Colleen Klein, widow of former Alberta premier Ralph Klein, dead at 83

Colleen Klein, the beloved widow of former Alberta premier Ralph Klein, died peacefully on Tuesday. She was 83 years old.

The news was shared by the late couple’s daughter, Teresa Klein, on social media. 

“Today we said goodbye and will now celebrate the 83 years of life (of) my mother Colleen Klein. She passed away peacefully in the early morning after months of failing health.”

Klein was a dedicated advocate for numerous charitable causes throughout her life. In recognition of her contributions, she received an honourary doctor of laws degree from the University of Calgary in 2002.

“Colleen’s presence in our lives was a source of endless love and warmth. Her compassionate spirit and dedication to helping others were hallmarks of her character,” said Teresa Klein in an official family statement. “Though she is no longer with us, Colleen’s essence will continue to live on in the hearts of all who knew her, leaving behind a legacy of love and cherished memories. She will be dearly missed but never forgotten” 

Colleen’s other daughter, Lisa Pinder, said her mom was “forever the angel on my shoulder.” She said that her mother and father “can rest easy together in eternity.” 

Klein worked at a racetrack, a gas station, and then a grocery store as a single mother of two. She then met Ralph Klein, then a Calgary television reporter, in 1971. They married in 1972, and the couple remained devoted to each other until he died in 2013. Klein played a significant role in her husband’s political career, providing unwavering support as he served as Alberta’s 12th premier from 1992 to 2006.

Charlene Love’s late husband Rod served as Ralph Klein’s long-time Chief of Staff. Love said that she had been friends with Colleen Klein for 44 years. When she saw her on Friday, Love said that she was the same person she’d always been.

“She was the most loving person from the day I met her in 1980 until I saw her last Friday; she was the same person. Nothing ever changed with her. She was very warm, compassionate, and gave me a big hug — happy to see me and we had a great chat,” said Love.

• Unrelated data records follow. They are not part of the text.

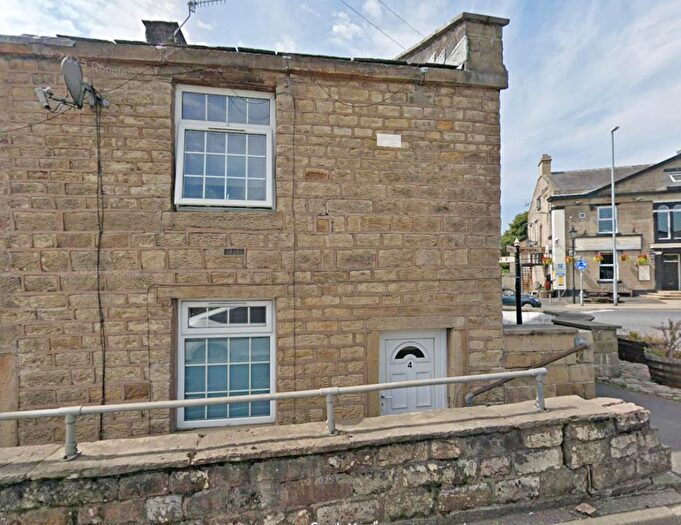 2 Bedroom Cottage To Rent In Rochdale Road, Edenfield Ramsbottom, Bury, BL0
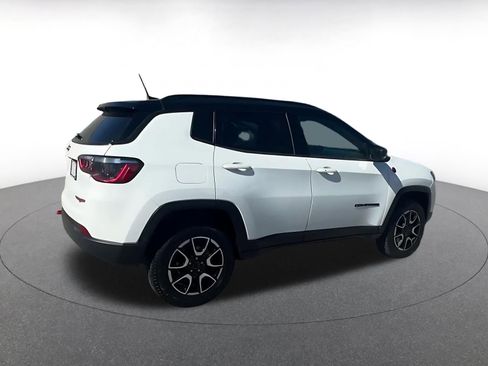Used 2025 Jeep Compass Trailhawk image 14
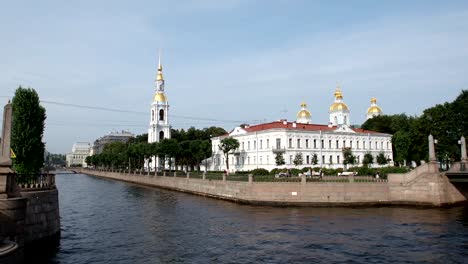 PANORAMA:-Krukov-Channel-and-the-Naval-(Nikolsky)-Cathedral-background-in-the-summer---St.-Petersburg,-Russia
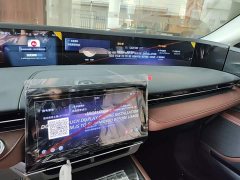 Lincoln Explorer 2.0T AWD Elite - ფოტო 13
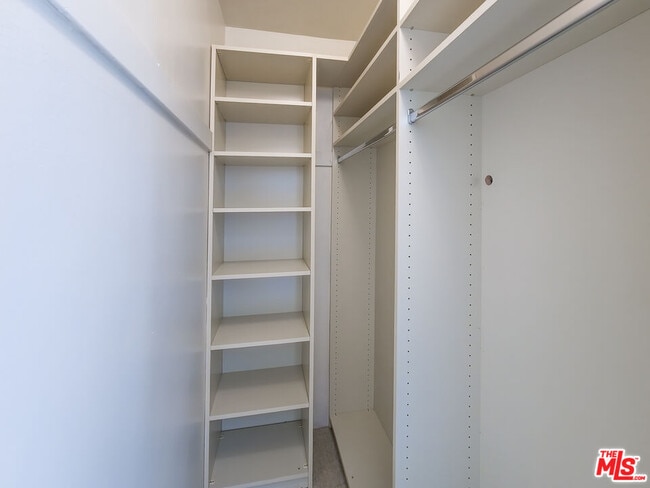 Building Photo - 8967 St Ives Dr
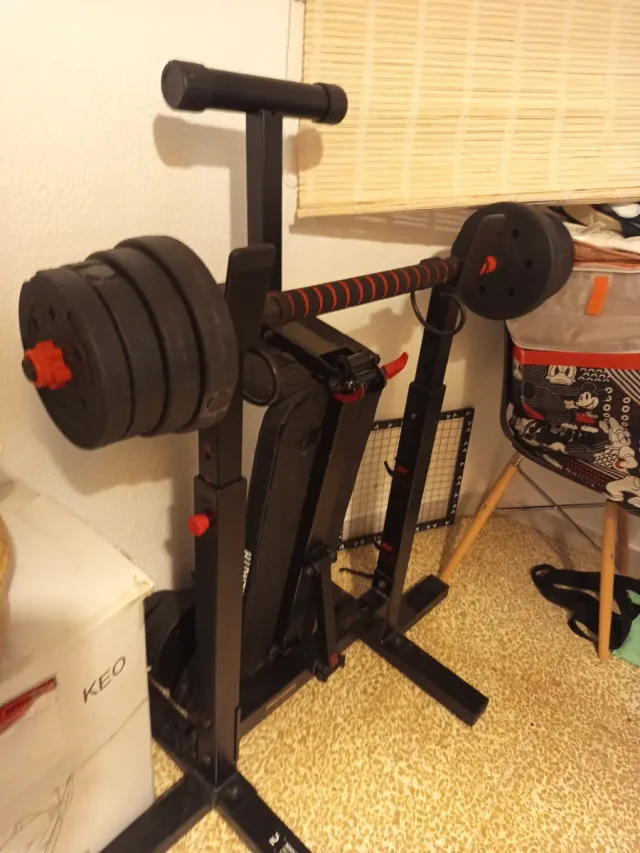 Banco musculación + barra + pesas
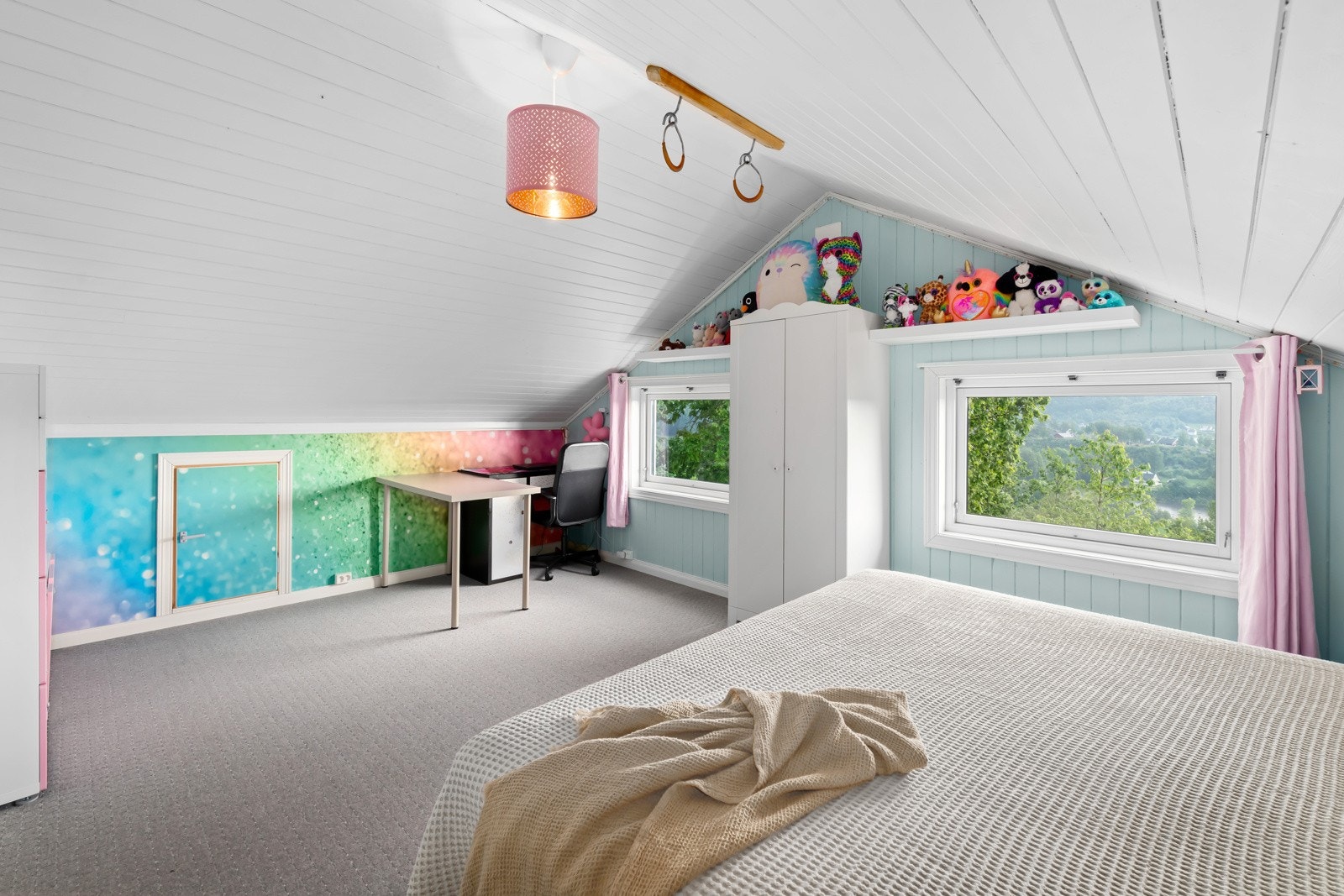 Store og gode soverom i 2. etasje Galleribilde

According to Love, Colleen Klein was Ralph Klein’s biggest supporter, and he relied greatly on her opinion, which Love said was “very astute (because) she had a wonderful political sense of what was going on.”. She said that Klein stood beside her husband his whole political life, and the two worked together campaigning and the like. 

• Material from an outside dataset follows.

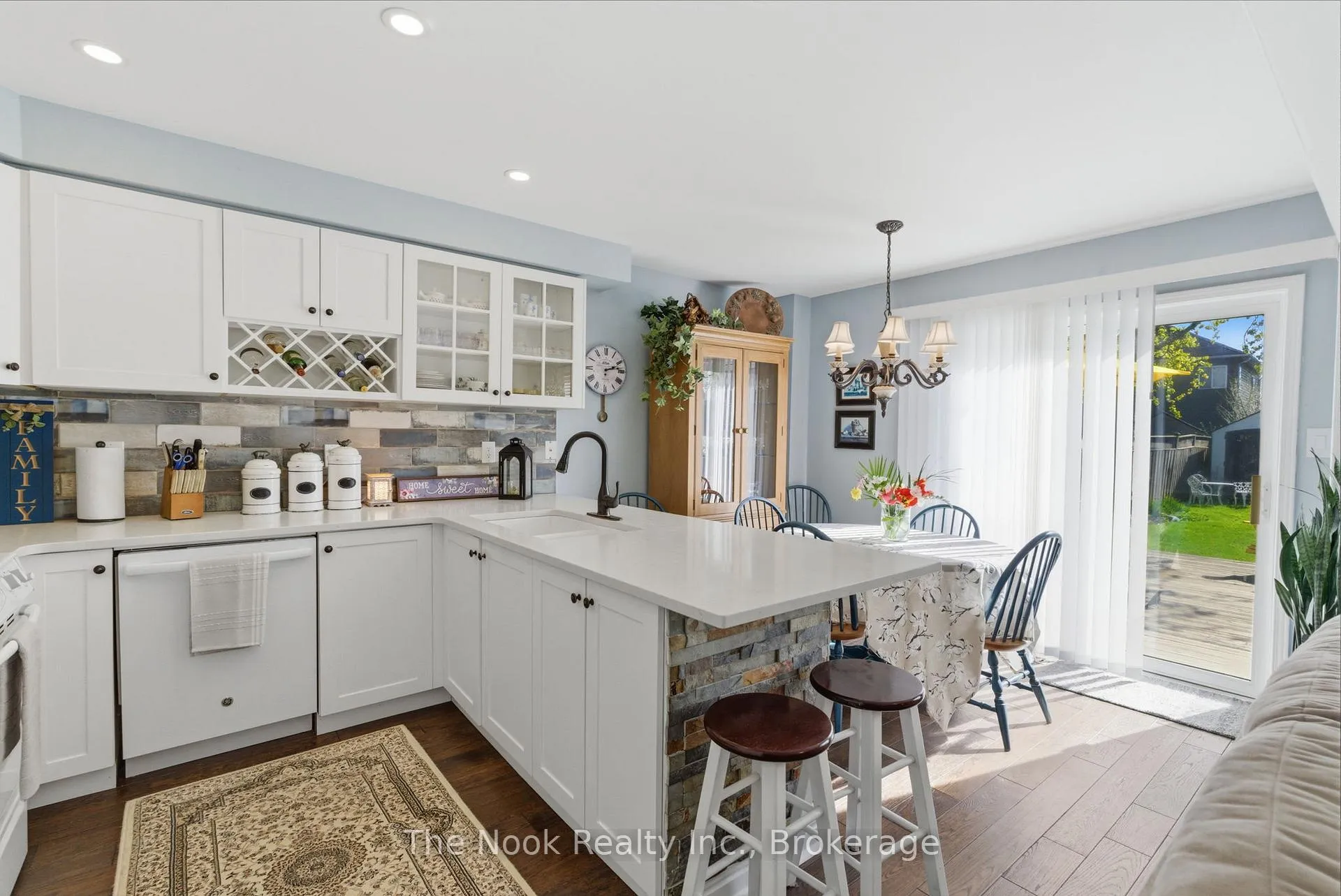 Photo 7 of 70 Beacham Crescent, Clarington, Newcastle — HOMEH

Alberta Premier Danielle Smith expressed her condolences and sadness in a post to X

“Colleen’s unwavering support and dedication to her family and community left an indelible mark on Alberta,” said Smith.

Despite facing personal challenges, including rumours of domestic abuse in the late 1970s and a controversy over a stock purchase in the mid-1990s, Klein remained a popular figure in Alberta politics and her community.

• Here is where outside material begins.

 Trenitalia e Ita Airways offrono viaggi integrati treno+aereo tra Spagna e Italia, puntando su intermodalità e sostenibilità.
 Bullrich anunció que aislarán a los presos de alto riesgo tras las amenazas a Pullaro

“She was not just my dad’s wife; she was his right hand; he didn’t function without her,” said Teresa Klein.

While many leaders offered their condolences and wishes to the Klein family, Environment Minister Steven Guilbeault was not among them.

In 2002, Guilbeault and other Greenpeace activists climbed onto the Kleins’  roof in Calgary while wearing orange jumpsuits and installed solar panels, terrifying Colleen.